(Article originally written for Fangtastic Books)
Novels are hard. If you’ve ever tried to write one, you don’t need me to tell you that. If you’ve never tried to write one, just imagine falling out of an airplane at night and somewhere between the plane and the ground is a parachute. Oh, and there’s about a thousand backpacks along the way with nothing in them. That’s page one.
The trick is to figure out a writing process that makes this as painless as possible. The trap is that there’s as many processes as there are writers. And every single one of them is right.
Without a process, what happens is you spend all day thinking about writing – thinking while you read, thinking while you watch just one more episode of Alf, thinking while you eat more ice cream than any human should consume in a week. Then the day’s over and the night of self-flagellation begins.
Oh, and once you find the process that works for you on this project, there’s no guaranty it will work at all on the next project. Did I mention that?
In any case, here’s the process, more or less, that I currently use:
The first thing I do is go to bed the night before at a decent time. This is so when my alarm goes off at 6AM I won’t say silly things like “Blergh con muh-shuff” and an arm won’t come swinging from the other side of the bed with deadly accuracy.
I dodge the cats and all the furniture they’ve moved around in the night and stumble to my coffee maker. I have a Keurig, because it means I’ll only have to wait a maximum of 30 seconds for my elixir of life. Then I stumble down to my desk in the basement.
I’ll spend a few minutes checking emails, facebook, twitter and checking the rankings of my books on a couple sites. After some swearing and headshaking, I’ll open whatever I’m working on in Word and read over what I wrote the day before.
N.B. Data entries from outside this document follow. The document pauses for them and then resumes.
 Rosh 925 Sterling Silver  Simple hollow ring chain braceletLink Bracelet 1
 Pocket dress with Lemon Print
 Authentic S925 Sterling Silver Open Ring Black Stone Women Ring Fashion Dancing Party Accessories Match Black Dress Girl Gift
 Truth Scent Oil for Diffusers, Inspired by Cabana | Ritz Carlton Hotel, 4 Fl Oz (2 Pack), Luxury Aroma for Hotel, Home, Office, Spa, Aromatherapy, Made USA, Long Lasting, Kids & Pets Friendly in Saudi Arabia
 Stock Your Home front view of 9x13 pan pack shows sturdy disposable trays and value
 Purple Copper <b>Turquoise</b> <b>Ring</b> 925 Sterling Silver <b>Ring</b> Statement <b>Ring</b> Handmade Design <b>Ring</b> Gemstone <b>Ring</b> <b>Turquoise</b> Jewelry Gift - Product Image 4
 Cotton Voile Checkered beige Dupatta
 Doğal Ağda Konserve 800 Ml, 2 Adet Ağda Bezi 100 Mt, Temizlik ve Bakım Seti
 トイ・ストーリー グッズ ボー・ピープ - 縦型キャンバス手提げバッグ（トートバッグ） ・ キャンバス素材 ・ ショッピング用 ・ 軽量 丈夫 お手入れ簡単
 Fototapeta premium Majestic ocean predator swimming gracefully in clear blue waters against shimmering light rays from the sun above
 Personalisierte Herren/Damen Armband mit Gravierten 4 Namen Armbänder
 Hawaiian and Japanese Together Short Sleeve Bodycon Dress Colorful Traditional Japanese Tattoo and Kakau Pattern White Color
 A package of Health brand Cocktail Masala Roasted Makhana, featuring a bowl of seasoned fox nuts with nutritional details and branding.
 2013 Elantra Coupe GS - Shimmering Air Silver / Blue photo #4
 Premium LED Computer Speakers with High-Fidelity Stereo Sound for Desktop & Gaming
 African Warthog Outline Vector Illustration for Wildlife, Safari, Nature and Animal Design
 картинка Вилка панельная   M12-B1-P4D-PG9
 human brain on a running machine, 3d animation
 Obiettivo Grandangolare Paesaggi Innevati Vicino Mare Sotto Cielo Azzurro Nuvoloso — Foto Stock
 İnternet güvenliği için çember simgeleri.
This isn’t for editing, but to remind me what the hell I’m currently writing.
I should note that the program I open might not be Word. I have a habit of trying other programs ( Scrivener, distraction-free editors, etc.) at the beginning of projects, but eventually I give in and just transfer everything over to Word. I don’t really have an explanation, it’s just what I do.
In any case, I’m usually doing some actual work by about 7AM. I wear headphones and find some playlist on Spotify to listen to since that’s when other people start bumbling around over my head. This isn’t a really productive time for me, but it’s necessary so when I get to the next session all the air bubbles have been squeezed out of my brake lines.
Somewhere in the next hour or so I’ll stop and either get some breakfast (usually a fruit/spinach smoothie) or just get some more coffee.
Then it’s back to my desk. I’ll write until I hit my day’s quota, at least. My normal quota is 2,000 words. If I’m feeling the mojo, I’ll keep going for a while. Quota or not, I’ll usually stop around 11:30. If the words are flowing, it usually takes me about two and a half hours to get my 2,000 words. This is all new stuff. The grunty work or errands come in the afternoon.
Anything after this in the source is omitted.